What tools we will use?

In this lab, we'll use two docker containers: the kafka broker and a third-party tool for UI visualization, called kafka-ui. For the coding (tutorial and exercises), we'll use Python3 with the confluent-kafka package.

note

kafka-ui is not an official tool, but a visualization tool designed and developed by the community, useful in the development process.

info

kafka-ui is a web application, already configured in your VM to run on localhost:8080.

There are two options for connecting to the Argo CD user interface: SSH tunneling or Chrome Remote Desktop.

info

Option 1: SSH tunneling

Follow this tutorial to configure the SSH service to bind and forward the 8080 port to your machine:

ssh -J fep -L 8080:127.0.0.1:8080 -i ~/.ssh/id_fep  student@10.9.X.Y
info

Option 2: Chrome Remote Desktop

An alternative to SSH tunneling or X11 forwarding is Chrome Remote Desktop, which allows you to connect to the graphical inteface of your VM.

If you want to use this method, follow the steps from here.

Set the connection

Go to localhost:8080 and configure as follows:

  • Cluster name: CC_lab
  • Host: kafka
  • Post: 9092

At the bottom of the page click Validate.

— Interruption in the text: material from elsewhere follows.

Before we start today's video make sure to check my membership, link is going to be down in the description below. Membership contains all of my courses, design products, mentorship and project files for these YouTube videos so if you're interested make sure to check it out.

If everything goes well, we will see a toastr, Configuration is valid. We can click on Submit. After a couple of seconds, we will be able to see more options on the left panel:

  • The Brokers page shows the list of kafka nodes available in the cluster.
  • The Topics page presents all the topics.
  • The Consumers page lists the consumer groups, with all the consumers in each group.

Useful scripts

Kafka provides a set of useful scripts for cluster management or just producing and consuming events.

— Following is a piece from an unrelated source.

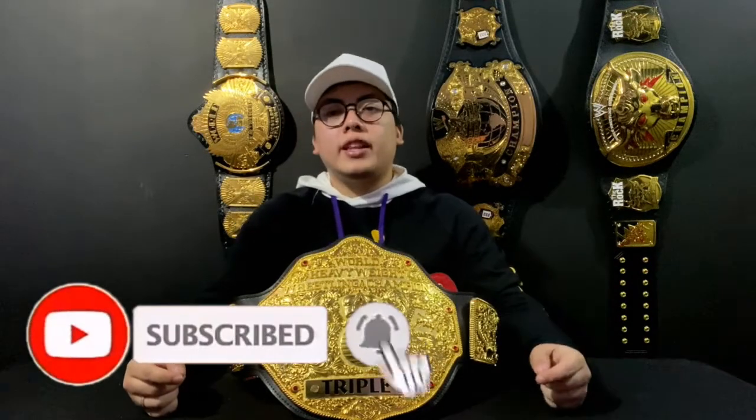Thank you so much for watching guys. If you want to order from Figure 4 Championship Leather Works, I'll leave a link in the description down below. They don't just do nameplates — from their name, they also do real leather works. Thank you for staying until the end. If you like the video, please hit like and subscribe for more content like this.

For this part of the lab, we will need two shell instances. In both of them, run the following commands to enter the container and go to the scripts directory:

$ docker exec -it kafka bash
$ cd /opt/kafka/bin

Kafka topics

Kafka topics represent logical channels or categories to which records (messages) are published and from which records are consumed. We can view a topic as a directory from our filesystem. Each topic has a name, as each directory, and we can consume (read) from our topic by using its name, as listing the files from the directory.

Each topic is composed of one or more partitions, which are units of parallelism and storage within a topic. Imagine a Kafka topic as a highway where data (messages) flows like cars. The highway has three lanes, each lane represents a partition of the topic. Cars in a single lane (partition) follow a strict order, but multiple lanes allow more cars to travel at once.

Schema

Create a topic

Now that we have all the technical details, let's create our first topic.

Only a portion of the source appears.